That expanded scope goes somewhere. The question for a rep already serving a health system is whether it goes to them or to a competitor, and the answer is decided long before the expansion is on the table. It goes to the vendor the system already treats as a partner, and becoming that vendor is work a rep has to do deliberately.
Expansion is development work, not maintenance
After a contract is signed, most of the relationship runs on maintenance: deliver the service, close the tickets, handle the requests. That work is necessary and it keeps the account alive, but it does not grow it. Growth comes from a different kind of work, the active development of the relationship, and the two are easy to confuse because a well-maintained account feels healthy right up until a competitor wins the next piece of scope.
Growing an account means doing the things maintenance does not: building relationships above the day-to-day contact, understanding where the system is trying to go, and positioning the vendor as the obvious partner for the next problem the system has to solve. A rep who only maintains an account is waiting for expansion to be offered. A rep who develops it is making the case for expansion before the system has decided who gets it.
Start by seeing the whole account
A rep cannot grow what they cannot see, and most health-system accounts are larger and more complex than the slice a vendor currently serves. Growth starts with a clear read of the account: where the relationship is strong and where it is shallow, which decision-makers the vendor knows and which it has never reached, where the system's priorities are headed, and where what the vendor already does could solve a problem it is not yet being asked to solve.
That read is the difference between chasing expansion at random and pursuing it where it will actually land. It turns a vague intention to grow the account into a specific plan: these relationships to build, this priority to align to, this adjacent need to address next.
Build the relationships that decide expansion
Expansion decisions are not made by the day-to-day contact. They are made by the service-line leaders, the finance owners, and the executives who set where the system is investing. A vendor known only to its operational contact has no relationship with the people who decide the next contract, and no way to be in the conversation when the scope expands.
Growing the account means reaching those people deliberately and earning a relationship with them before the expansion is on the table. That happens through the work of a real partnership: business reviews that talk about the system's goals rather than the vendor's service metrics, executive conversations that connect what the vendor does to what the system is trying to achieve, and a consistent presence at the level where the system plans its future. By the time an expansion decision is made, the vendor that has built those relationships is already in the room. The vendor that has not is hearing about it afterward.
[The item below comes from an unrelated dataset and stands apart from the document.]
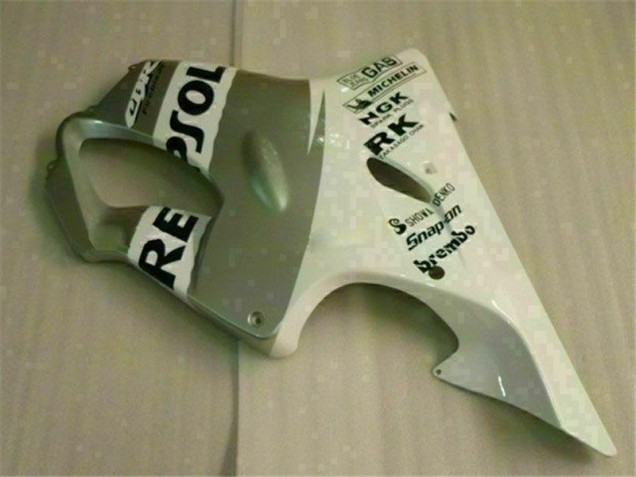01-03 Weiß Silber Honda CBR600 F4i Motorrad Verkleidung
Speak to what the system is trying to achieve
A rep makes the case for expansion in the system's terms, not the vendor's. The executives who decide where to give more scope think in total cost of care, captured revenue, risk, and the outcomes the system is measured on. An expansion pitch built on the vendor's features competes on price. An expansion pitch built on the system's goals competes on partnership, and partnership is what the consolidating buyer is choosing.
The vendor that can show how its work has moved the numbers the system cares about, and how more scope would move them further, is making the argument that earns expansion. That argument is built over time, through the relationships and the business reviews, not assembled the week the opportunity appears.
Toward a vital partnership
There is a way to tell how far an account has come. A maintained account sounds transactional: a thank-you for the services delivered this period, a renewal handled on schedule. A developed account sounds different. The system brings the vendor into its planning, asks for help with where it is headed, and treats the vendor as a partner in saving money, driving revenue, and managing risk. That shift, from a vendor the system uses to a partner the system relies on, is the goal of the growth work, and it is what a vital partnership looks like.
Getting there is a progression. It runs through the strength of the relationships, the vendor's competitive position inside the account, the room to expand, and the reputation the vendor builds across the system. Each piece advanced makes the next one easier, until the account reaches the point where the system would not consider replacing the vendor, and brings it the next opportunity by default.
Where Vitality Index fits
The hard part of growing an account is seeing it clearly enough to know where to push. A rep carrying a full book rarely has a structured read on where each account stands, which relationships would open expansion, or how far an account is from a true partnership.
At Match Vertical Partners, we built the Vitality Index to give healthcare-services reps that read. It assesses where a vendor stands inside each health-system account across seven areas of the relationship, produces a baseline score that shows where the account is strong and where it is shallow, and turns that into a prioritized plan to build the relationships and close the gaps that move an account toward a vital partnership. It shows a rep where the expansion is, and the order in which to pursue it.
Health systems are giving more to the vendors they trust most. With a clear read on the account and a plan to grow it, a rep can become one of them.
See the Vitality Index applied to your accounts. Schedule a 30-minute demo.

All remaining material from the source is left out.